By Raffique Shah
September 28, 2016
With days to go before Finance Minister Colm Imbert delivers the Government’s 2017 budget, Trinis by the thousand sit in bars across the country sipping beers or whisky, and amidst the din that is common to such establishments, shout to be heard: “Breds, we better drink up, yes…from Friday, we may not be able to afford Johnny Walker Blue!” Big problem, that.
Much like the chatter in supermarket lanes as women, under strain, pushing their trolleys loaded with the finest foreign foods, murmur: “Chile, we better buy that ham and smoked salmon today…who knows what the price will be from Friday?”
Will we have sufficient money to “top up” our mobile phones, pay for cable television—a priority over water bills because WASA never disconnects anyone—or host a grand party for some birthday or anniversary?
See the sacrifices we must make?
Okay, I plead guilty to trivialising some serious issues we face—the state of the economy, shortages of foods and medications, the near-collapse of institutions that are critical to us enjoying life in a civilised society, and so on.
But by comparison with many other countries, from the highly developed to failed states, really, we should count ourselves lucky. Yes, life in Trinidad and Tobago is tough, but it could have been worse. As the late great Lord Pretender sang decades ago, “Always remember it have somebody suffering more than you.”
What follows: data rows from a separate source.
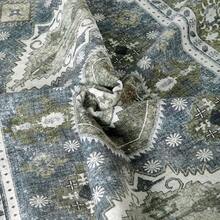 8x10 Area Rugs Living Room, Washable Non Slip Floral Floor Carpet, Low Pile Lightweight Print Rugs Bedroom, Dining Room, Home Office, Blue And Green, Trending Boho Style - 03green - 查看 5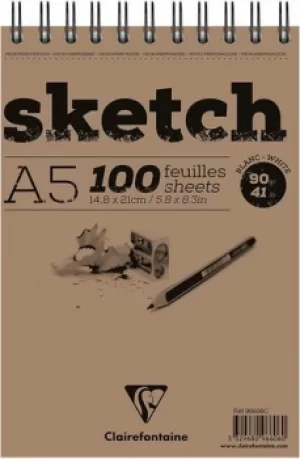 image of Sketch Wirebnd Pad A5 100sh White (Pack 5) 96606C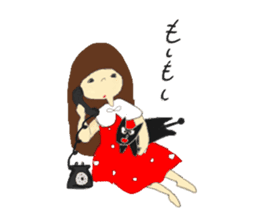 polka dots girl and permed girl stickers sticker #11448923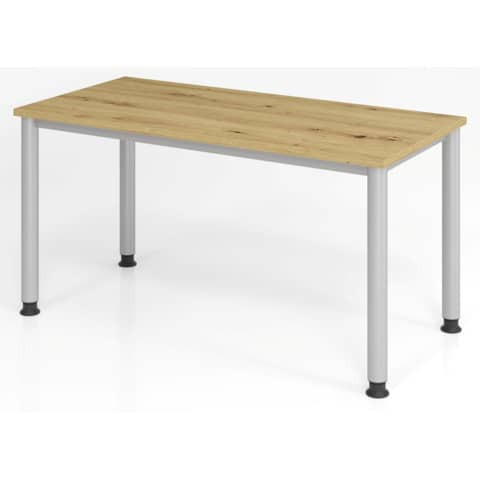 Wandschreibtisch 120x67,2cm Asteiche/sil HAMMERBACHER VHS612/R/S H-Serie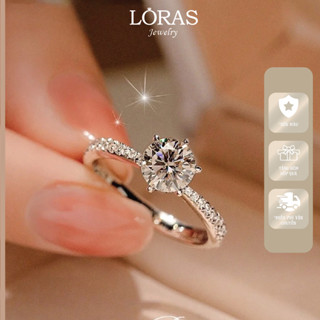 Nhẫn titan không gỉ nữ freesize nhẫn phụ kiện nữ đính đá tròn khảm đá lấp lánh LORAS_JEWELRY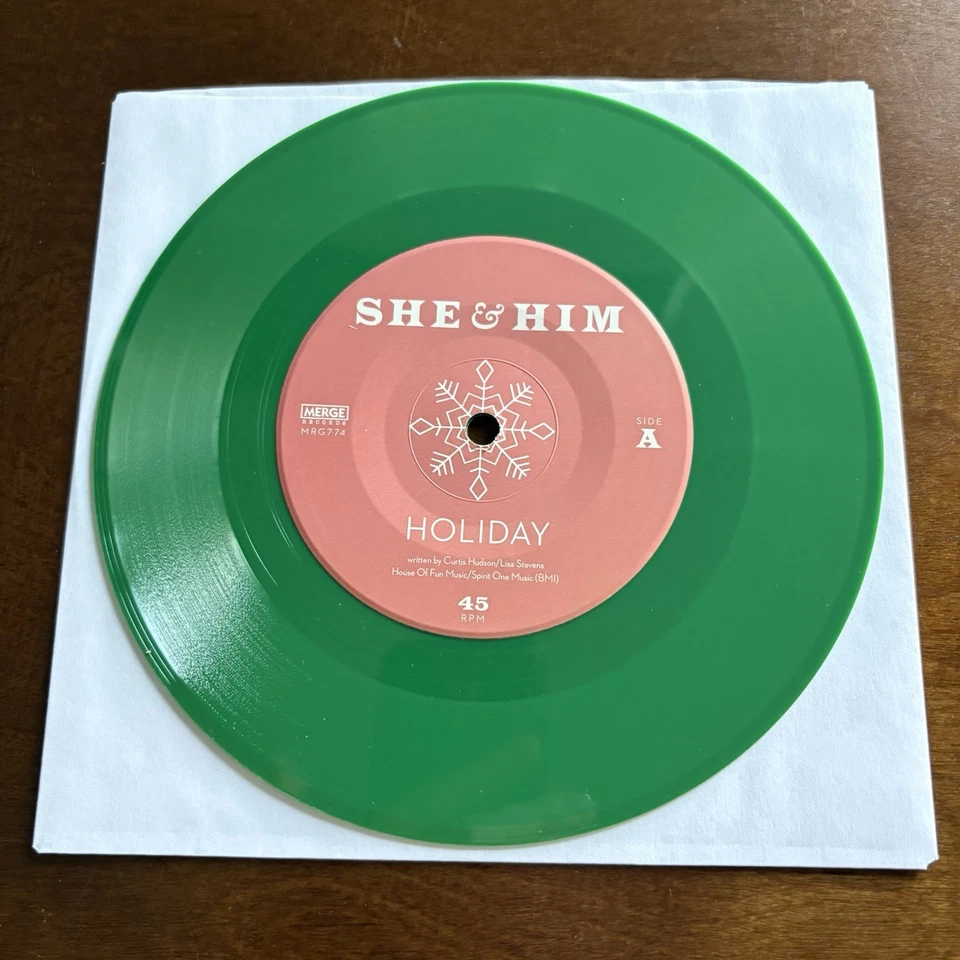 SHE & HIM Holiday b/w Last Christmas GREEN vinyl 7" NEW 2021 Madonna WHAM - Image 2 of 4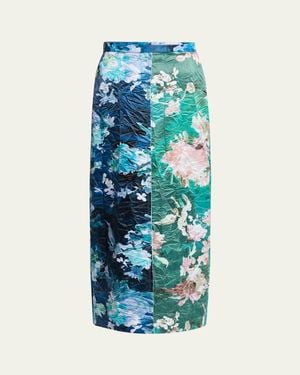 Erdem Colorblock Floral Satin Midi Pencil Skirt - Blue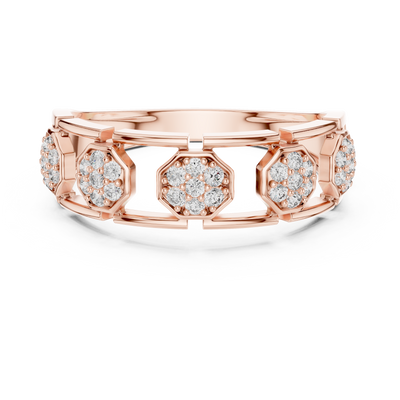 Lunavienne Triple-Cluster Round Diamond Ring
Last weekend, BBC television repeatedly reported on Russian forces’ nightly bombing of the northern city of Aleppo in Syria. Images of entire blocks of what must have been residential districts, now reduced to rubble, filled the screen. Scores, maybe hundreds of persons are presumed dead. The living walk around like zombies. And the children…well, you have to be sub-human to not shed a tear for them.
The reporter said that this particular attack disrupted water supplies to the city’s two million residents. I was surprised to learn that they still enjoyed potable water or that so many people continued to live in that hell-hole.
Since 2011, when America declared open season on Syria’s President Bashar Al Assad, inviting anyone who was so inclined to help overthrow the ruler, it is estimated that the country’s population of 20 million has been decimated by ten per cent, mostly ordinary people killed in a war that is hardly civil, or those who fled to join the ranks of refugees seeking entry into Europe and anywhere else in the world that would accept them.
As we know, it was also that open invitation to overthrow Assad that spawned the newest, ugliest face of global terrorism, the Islamic State or ISIS. Today, ISIS has turned with a vengeance upon its facilitators—if not creators—inflicting unspeakable terror on countries like France, and much the way the innocent pay for the guilty in war, inflicting harm on innocent people elsewhere in Europe and the world.
Russia joined the “bombing spree” in Syria recently as Assad’s only active ally. The US, Britain, France and Turkey have used Syrian territory for target practice since 2011.
If any entity has benefitted from this free-for-all war, it is ISIS.
And those who have suffered most are ordinary Syrians, especially women and children, pulverised from the air by bomber-aircraft owned and operated by Assad and the most powerful nations on earth, robbed, raped and slaughtered on the ground by Assad’s forces and ISIS madmen.
The BBC also did a feature in Yemen where a little-publicised but no less brutal war has resulted in wanton destruction of lives, property and infrastructure, no medical supplies to treat the infirm and the wounded, and near-famine conditions among the hapless population.
In this instance, Saudi Arabia, which has the third biggest military budget in the world (after the US and China), leads a coalition comprising the Gulf states, Egypt, Morocco and poverty-stricken Sudan, that pulverises poverty-stricken Yemen. The coalition is fighting the Houthi rebels who have the support of Iran, although Iran, wisely, has no air support or ground troops involved. Not surprisingly, the Saudis have the support of the US, which has deployed a number of “advisers” who help that coalition with the sophisticated weaponry the Saudis have purchased from—who else?—America.
That the Saudis seem to be losing that war in spite of full control of the skies and vastly superior weapons on the ground, is not my focus.
My heart reaches out to those starving, suffering people I saw on television, especially the children who are dying from hunger, disease and death-from-the-skies inflicted by the holy men from Mecca.
Whatever our woes, they pale by comparison with the suffering I referenced here. We must never lose our compassion for fellow human beings, especially children. That is what distinguishes us from lesser mortals.